### EXERCISE PROMPT
The required result is an exact copy of every line from the one with "2025 Toyota LAND CRUISER 250 — миниатюра 13" through the last line below, with the pictures left out.

### DATA TO EXAMINE
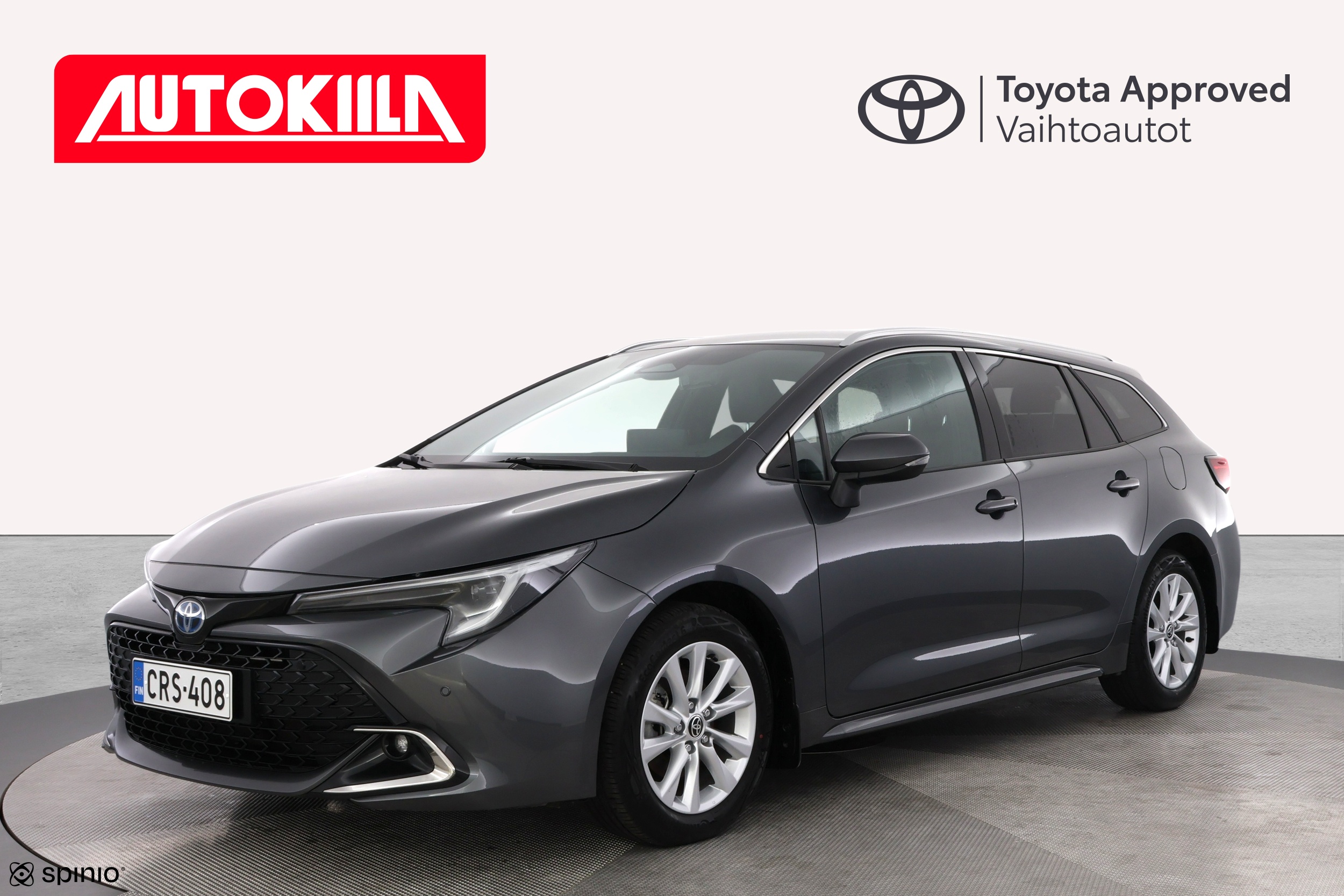 TOYOTA COROLLA 2024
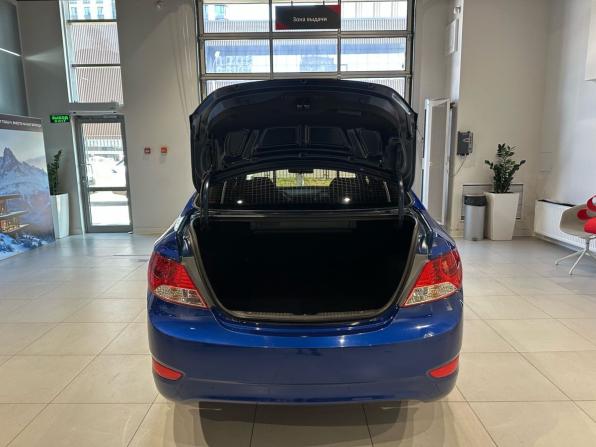Hyundai Solaris I с пробегом 2012 года, цена 815 000 рублей, 84253 км, седан, Автокод Объявления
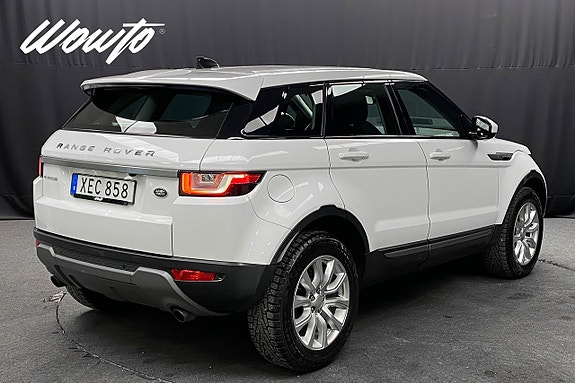 Land Rover Range Rover Evoque 5 of 5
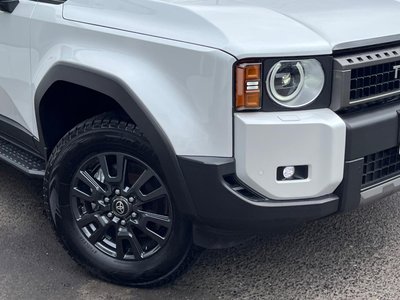 2025 Toyota LAND CRUISER 250 — миниатюра 13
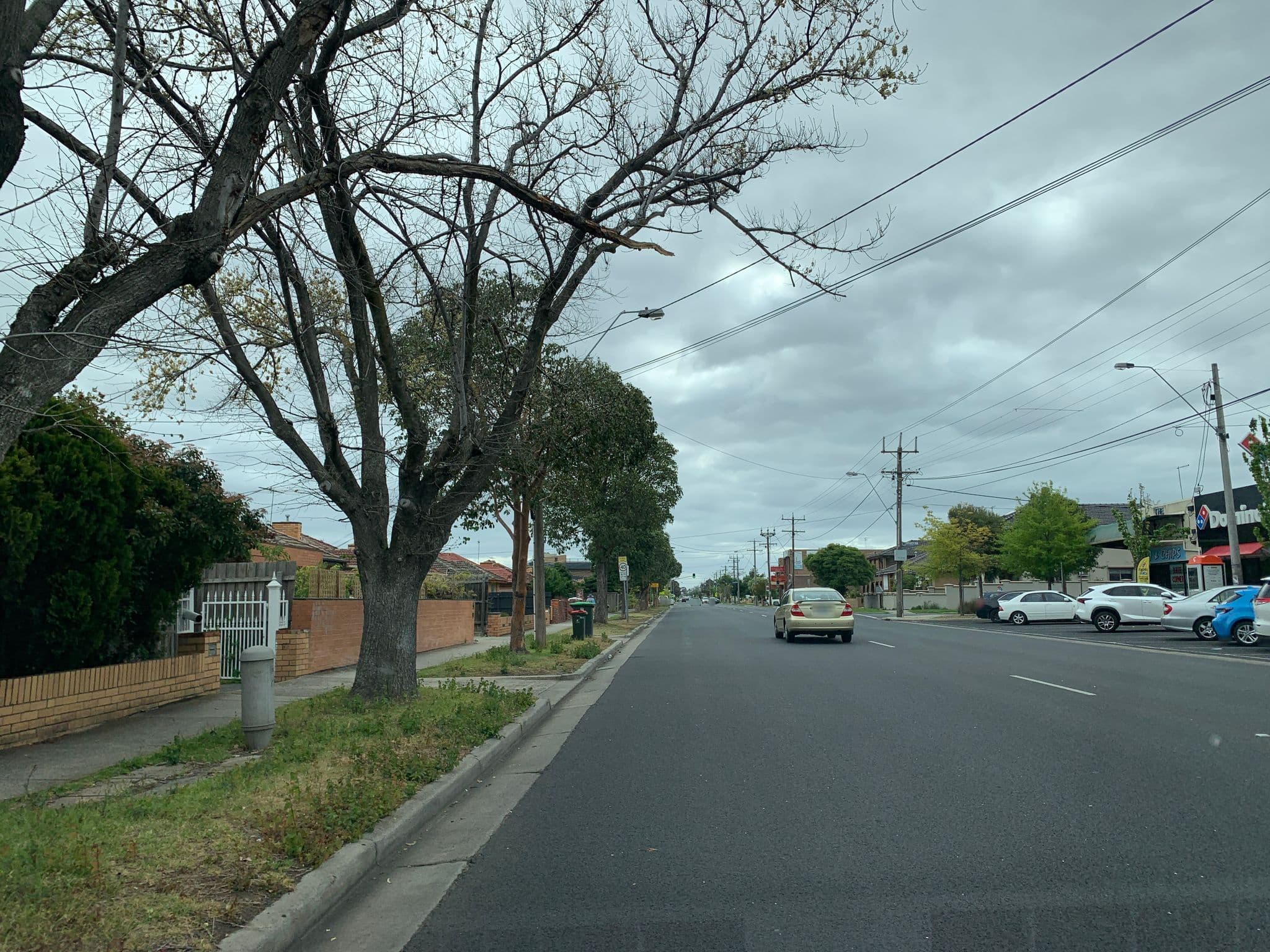 Street view near 261 st albans, St Albans — © slk (CC BY-SA · Mapillary)
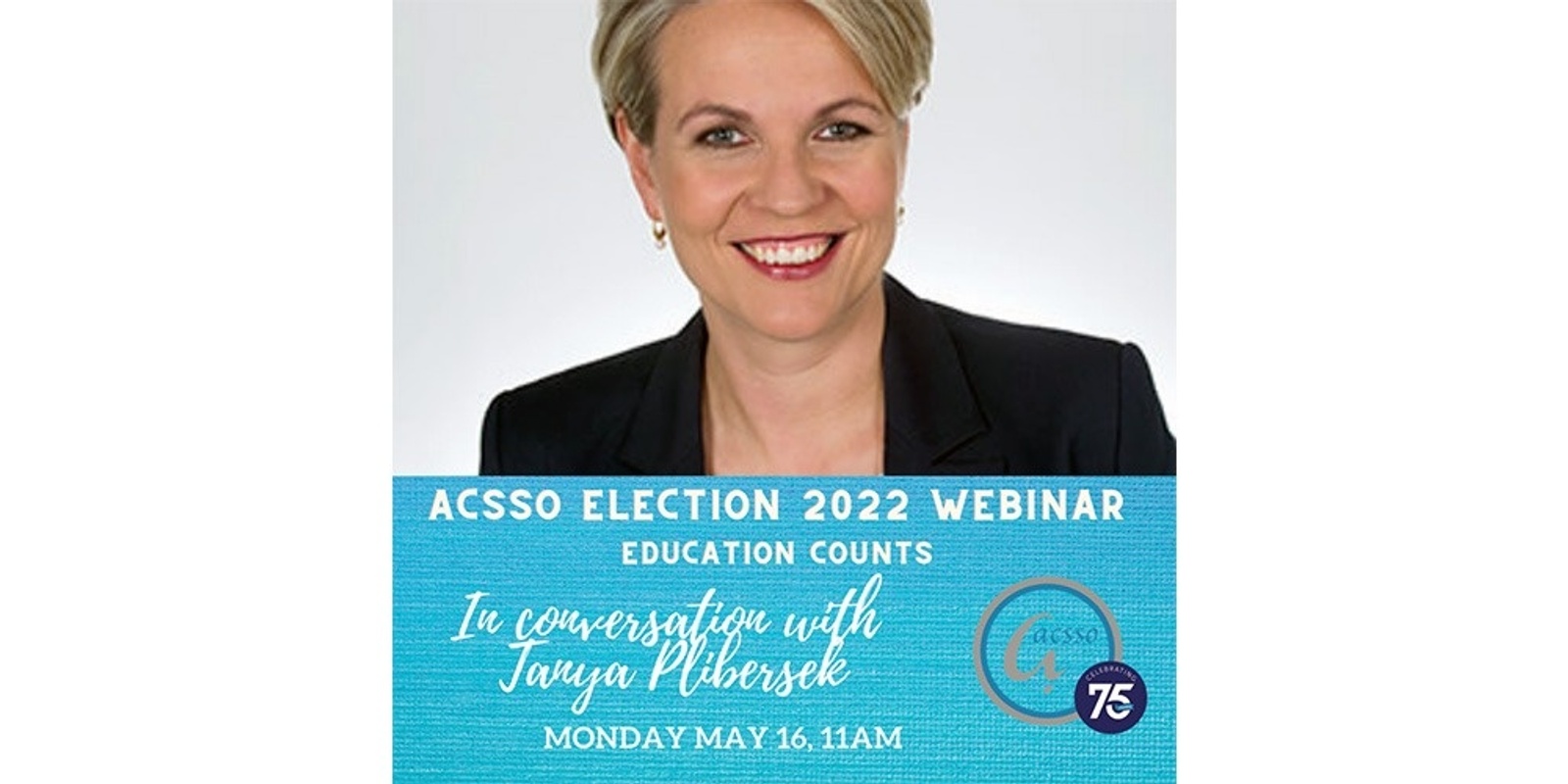 Banner image for A conversation with Tanya Plibersek MP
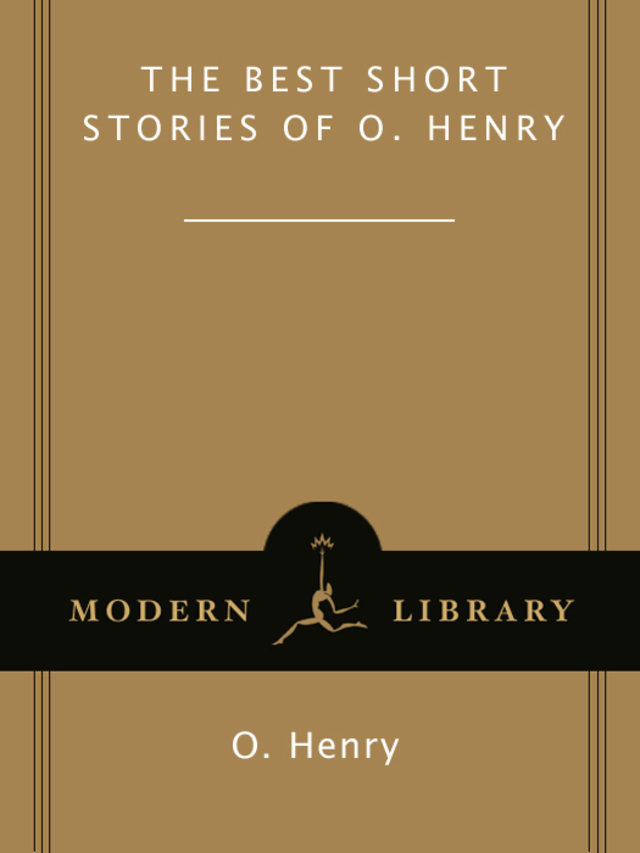 The Best Short Stories of O. Henry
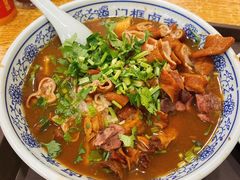 -门框胡同百年卤煮(新街口店)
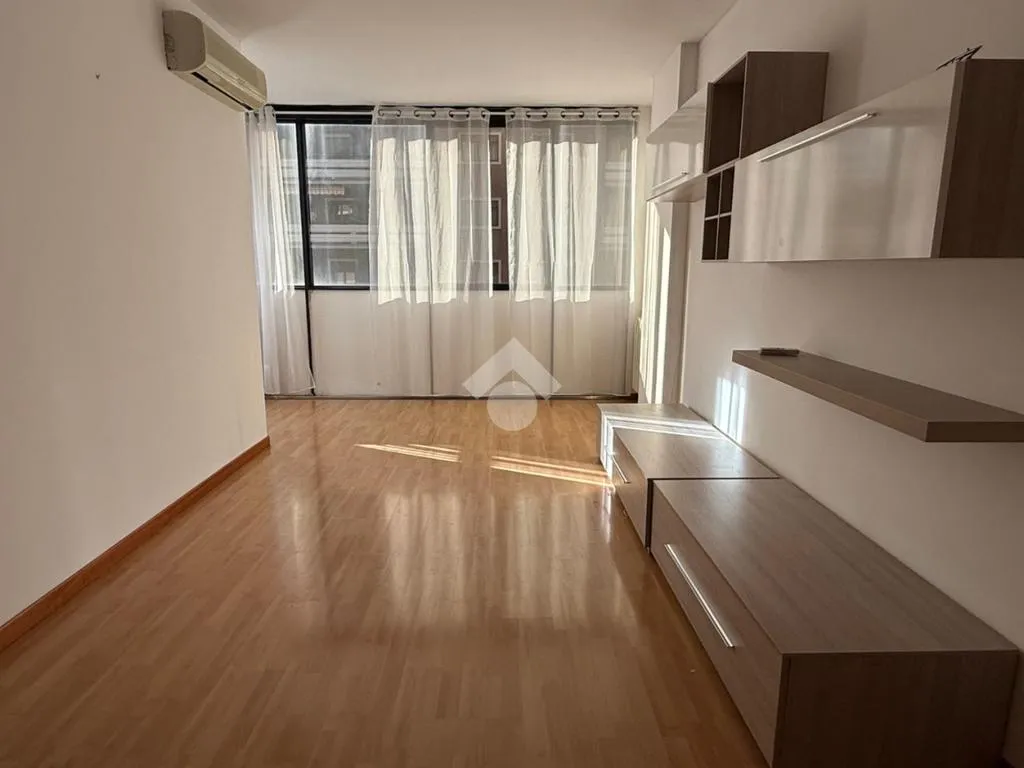 Séjour - 3-Room Apartment with Balcony in Perugia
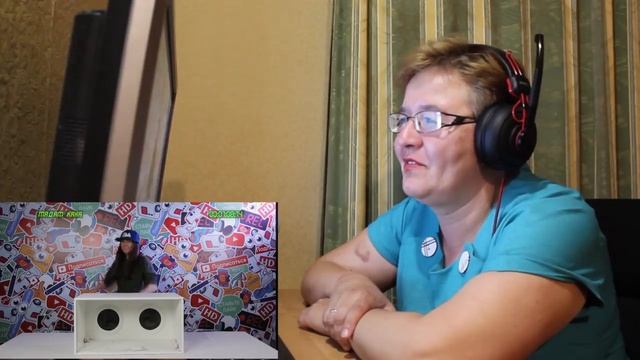 РЕАКЦИЯ МАМЫ НА [КАЖЕТСЯ НАЩУПАЛ 3] смотреть онлайн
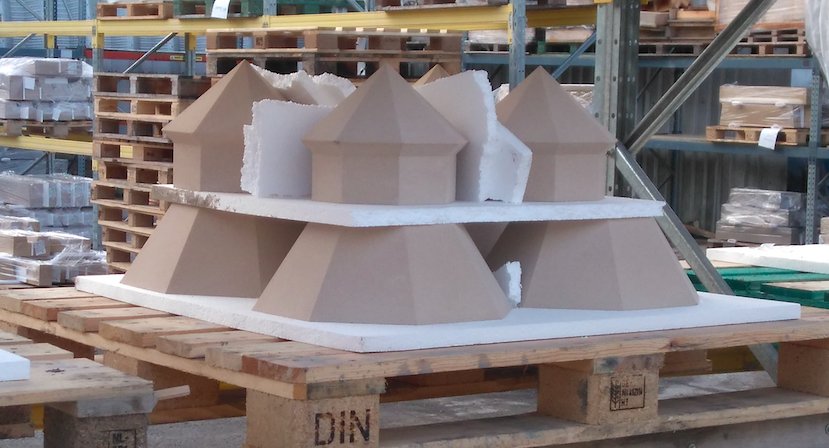 AVSDerbyshire's tweet photo. Take a look at our Cast Stone Pier Caps which are in our factory and ready to be delivered to Haseley Manor for a current project we are working on.
We can't wait to share the finished project with you.
#caststone #piercaps #haseleymanor #project #factory #precast #construction https://t.co/4sAZ8nfMWK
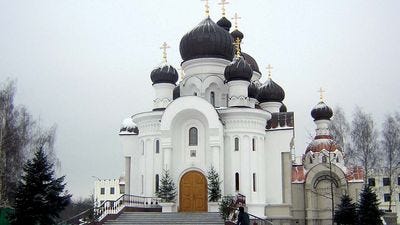 Russian Orthodox Church | History & Facts | Britannica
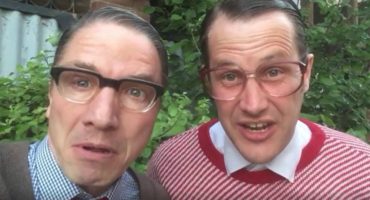 Screen Willi und Ernst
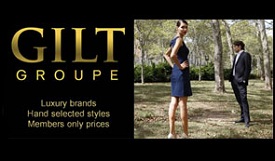 Gilt Groupe Discount Fashion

### RESPONSE
 2025 Toyota LAND CRUISER 250 — миниатюра 13
 Street view near 261 st albans, St Albans — © slk (CC BY-SA · Mapillary)
 Banner image for A conversation with Tanya Plibersek MP
 The Best Short Stories of O. Henry
 -门框胡同百年卤煮(新街口店)
 Séjour - 3-Room Apartment with Balcony in Perugia
 РЕАКЦИЯ МАМЫ НА [КАЖЕТСЯ НАЩУПАЛ 3] смотреть онлайн
 AVSDerbyshire's tweet photo. Take a look at our Cast Stone Pier Caps which are in our factory and ready to be delivered to Haseley Manor for a current project we are working on.
We can't wait to share the finished project with you.
#caststone #piercaps #haseleymanor #project #factory #precast #construction https://t.co/4sAZ8nfMWK
 Russian Orthodox Church | History & Facts | Britannica
 Screen Willi und Ernst
 Gilt Groupe Discount Fashion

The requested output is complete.